An independent analysis of the so-called Anti Public Combo List, a dump of 562 million breached usernames and passwords, reveals a privacy silver lining. Hard to imagine, but according to an analysis of the data by Duo Labs researchers, consumers are slowly adopting safer password habits.
The Anti Public Combo List is a massive database of email addresses and password pairs that have been pieced together over the past several years from various unrelated breaches and data leaks. Late last week, breach notification service HaveIBeenPwned? found the list along with a second one on the dark web of more than 593 million, adding more than one billion new email addresses and passwords to the repository.
Security expert Troy Hunt, who runs HaveIBeenPwned?, said the lists have been passing hands between hackers since December 2016. The Anti Public Combo List, according to Hunt, has been marketed by criminals at $5 for 10,000 valid user names and passwords, $20 for 50,000 and $70 for 210,000. The massive list is a combination of breaches ranging from Adobe, Dropbox, LinkedIn, Yahoo, VerticalScope and many others.
“While Troy’s focus was on the legitimacy of the data, we built off his research and focused on what the user names and passwords said about their owners and the services they were tied to,” said Kyle Lady, senior R&D engineer at Duo Labs. “From what we can tell, people appear to slowly be heeding the advice of security professionals and are creating more sophisticated passwords,” Lady said.
According to Duo’s analysis of the data, 70 percent of passwords had at least one number. This is an improvement over previous bad passwords that used just six-character lower-case dictionary words that could easily be cracked using brute force attacks, Lady said.
But Lady said, password improvements have less to do with users’ adopting stronger security habits and more to do with more stringent password requirements by the sites.
Of the breached sites that made up the 562 million user name and password pairs examined by Duo, 42 percent of usernames end in Yahoo.com and 7 percent end in AOL.com, suggesting most emails were tied to consumers. “We found that only about 1 million (1.7 percent) of the accounts in the dump were from domains of large companies,” Duo Labs wrote in its breakdown of the database posted Thursday.
Focusing on password strength, Duo Labs wrote “passwords in this dump follow an exponential long-tail distribution in terms of length, peaking at nine characters at 27 percent and falling under 1 percent after 14 characters.”
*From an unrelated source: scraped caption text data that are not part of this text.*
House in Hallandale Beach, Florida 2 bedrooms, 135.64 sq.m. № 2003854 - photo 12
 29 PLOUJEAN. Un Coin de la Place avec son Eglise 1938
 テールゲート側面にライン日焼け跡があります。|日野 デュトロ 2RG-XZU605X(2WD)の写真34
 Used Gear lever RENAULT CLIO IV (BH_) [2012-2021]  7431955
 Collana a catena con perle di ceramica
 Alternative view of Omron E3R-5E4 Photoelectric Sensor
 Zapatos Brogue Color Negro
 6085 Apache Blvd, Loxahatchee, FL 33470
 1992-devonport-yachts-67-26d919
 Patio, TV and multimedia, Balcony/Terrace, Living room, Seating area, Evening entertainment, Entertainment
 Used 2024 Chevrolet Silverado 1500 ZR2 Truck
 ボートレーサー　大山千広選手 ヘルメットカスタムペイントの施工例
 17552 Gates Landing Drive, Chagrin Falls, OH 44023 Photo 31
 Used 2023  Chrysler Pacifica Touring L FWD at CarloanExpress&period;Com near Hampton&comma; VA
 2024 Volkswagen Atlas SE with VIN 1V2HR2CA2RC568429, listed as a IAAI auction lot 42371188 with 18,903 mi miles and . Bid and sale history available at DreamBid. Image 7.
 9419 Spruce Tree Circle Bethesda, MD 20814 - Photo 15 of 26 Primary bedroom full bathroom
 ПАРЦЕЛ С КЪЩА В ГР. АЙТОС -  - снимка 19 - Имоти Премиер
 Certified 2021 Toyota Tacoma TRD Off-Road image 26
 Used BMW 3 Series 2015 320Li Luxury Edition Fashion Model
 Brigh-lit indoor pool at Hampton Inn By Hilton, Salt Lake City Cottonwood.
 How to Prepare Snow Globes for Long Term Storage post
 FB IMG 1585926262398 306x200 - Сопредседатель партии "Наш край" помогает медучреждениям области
Besides 70 percent of passwords having at least one number, only 6 percent and 4 percent of passwords contain at least an uppercase character or a symbol, respectively. “A surprisingly low result was for the space character, which is allowed by many systems, but was only present in 0.03 percent of passwords examined,” researchers noted.
Duo researchers said this suggested that attackers might be less likely to include spaces in their set of search character when trying to crack a password. “Users would be wise to keep in mind that spaces can often be valid password characters when choosing,” they wrote.
Researchers say the Anti Public Combo List appears to be a collection of individual password dumps. “It’s likely that the breach in question resulted in the theft of hashes instead of cleartext passwords. When this happens, attackers will try to crack as many passwords as possible, leaving the hashes in place for those they couldn’t quickly crack,” they wrote.
The good news Lady said is that there was a meaningful portion of Anti Public Combo List breached users names with passwords that couldn’t be cracked. “It took us this long for 70 percent of people to start using a digit in their password. Next, is it too unreasonable to start adding uppercase characters and a symbol?”